═════ EXTRACTED RECORDS

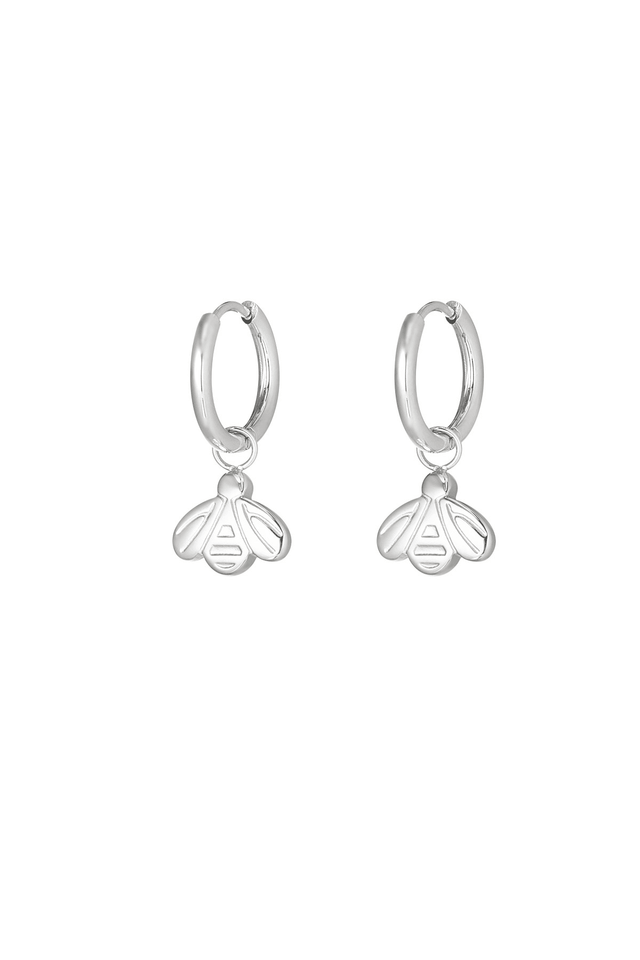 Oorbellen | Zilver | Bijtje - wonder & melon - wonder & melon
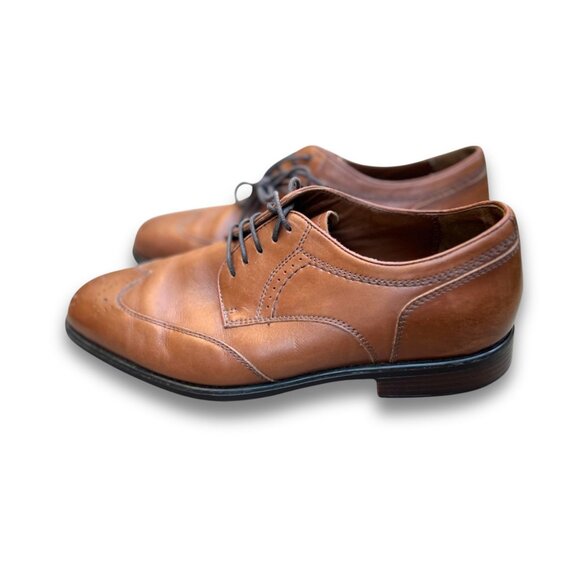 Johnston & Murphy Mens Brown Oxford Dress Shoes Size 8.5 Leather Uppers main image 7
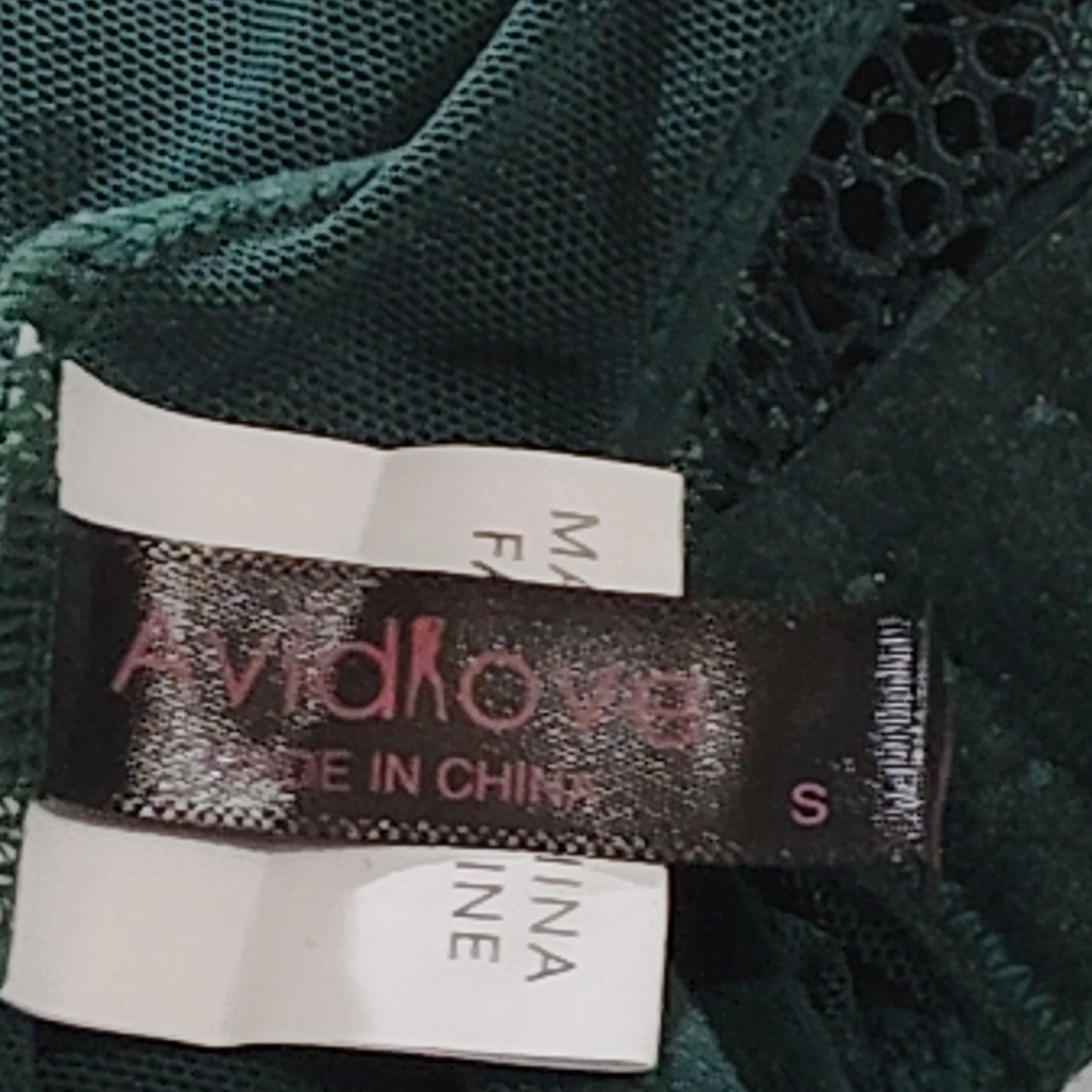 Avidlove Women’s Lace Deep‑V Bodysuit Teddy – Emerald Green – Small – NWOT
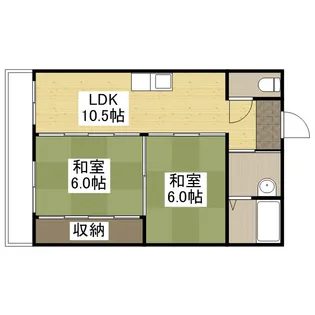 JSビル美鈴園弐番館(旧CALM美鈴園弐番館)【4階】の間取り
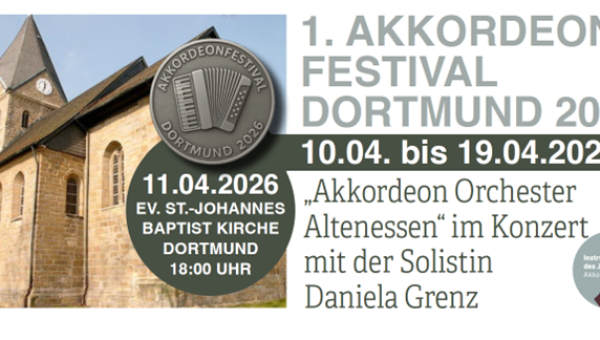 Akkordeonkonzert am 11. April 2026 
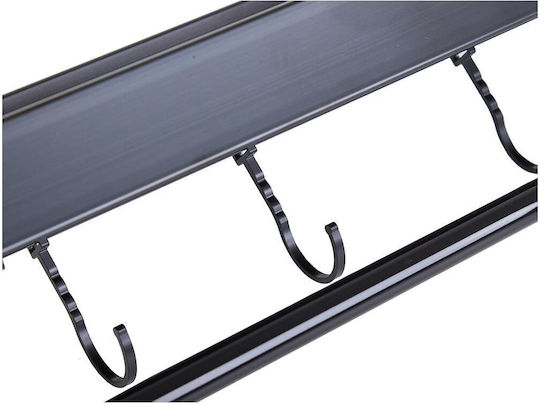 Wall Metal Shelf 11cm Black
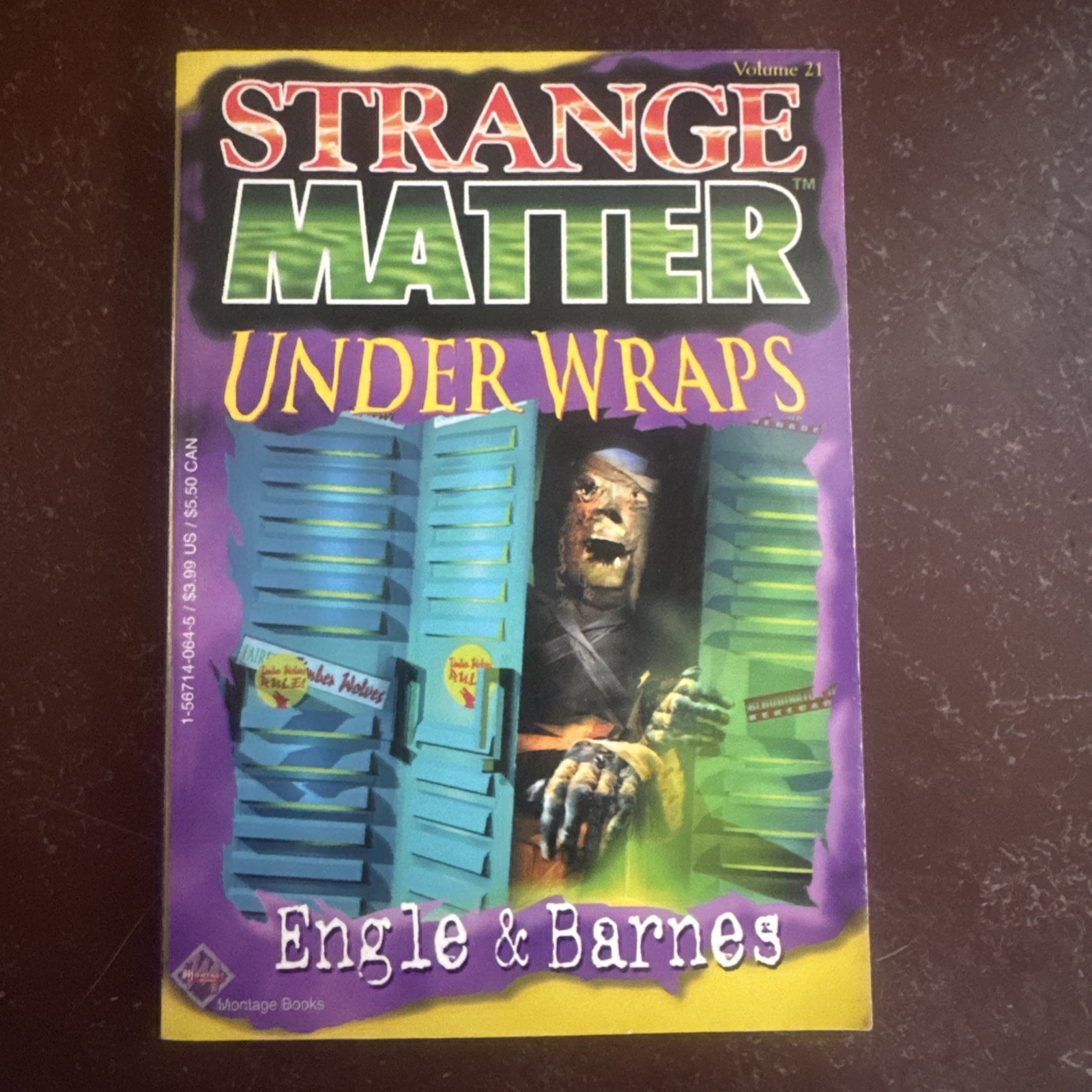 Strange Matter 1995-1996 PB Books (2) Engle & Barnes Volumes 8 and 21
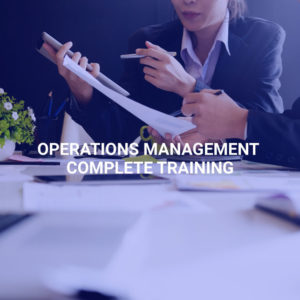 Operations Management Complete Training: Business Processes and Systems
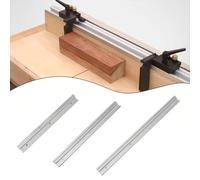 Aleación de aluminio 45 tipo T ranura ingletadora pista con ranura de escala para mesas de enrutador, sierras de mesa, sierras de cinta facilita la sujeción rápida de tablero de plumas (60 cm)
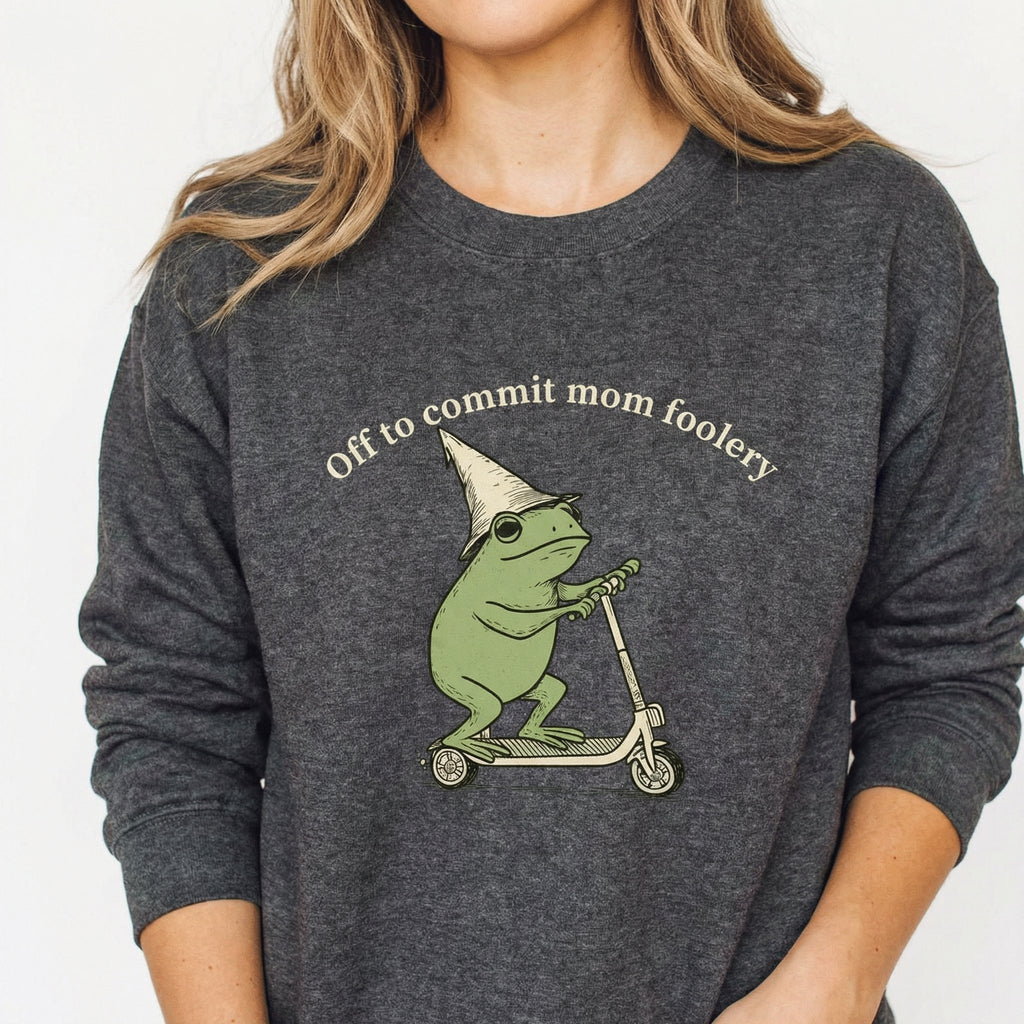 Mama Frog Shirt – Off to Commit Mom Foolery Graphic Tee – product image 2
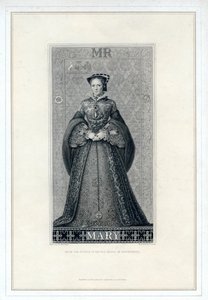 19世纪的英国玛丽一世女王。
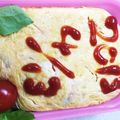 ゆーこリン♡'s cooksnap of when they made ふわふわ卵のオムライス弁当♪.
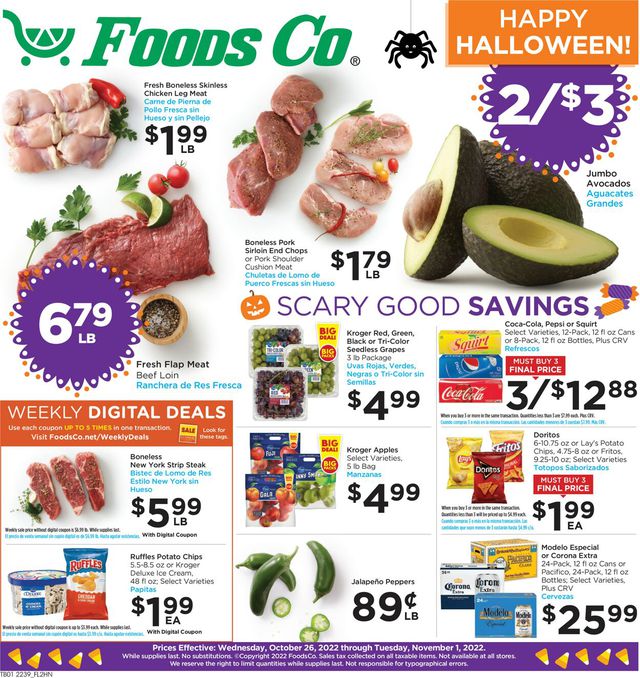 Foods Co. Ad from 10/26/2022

══════════

_INSTRUCTIONS TO FOLLOW_. Nothing but the lines from the one holding "Akkordeonkonzert am 11. April 2026" through the final line of the entries should be retyped, exactly as they stand and without pictures.

_WORKED SOLUTION_.
 Akkordeonkonzert am 11. April 2026 
 Wall Metal Shelf 11cm Black
 Strange Matter 1995-1996 PB Books (2) Engle & Barnes Volumes 8 and 21
 Operations Management Complete Training: Business Processes and Systems
 Aleación de aluminio 45 tipo T ranura ingletadora pista con ranura de escala para mesas de enrutador, sierras de mesa, sierras de cinta facilita la sujeción rápida de tablero de plumas (60 cm)
 Mama Frog Shirt – Off to Commit Mom Foolery Graphic Tee – product image 2
 19世纪的英国玛丽一世女王。
 ゆーこリン♡'s cooksnap of when they made ふわふわ卵のオムライス弁当♪.
 Foods Co. Ad from 10/26/2022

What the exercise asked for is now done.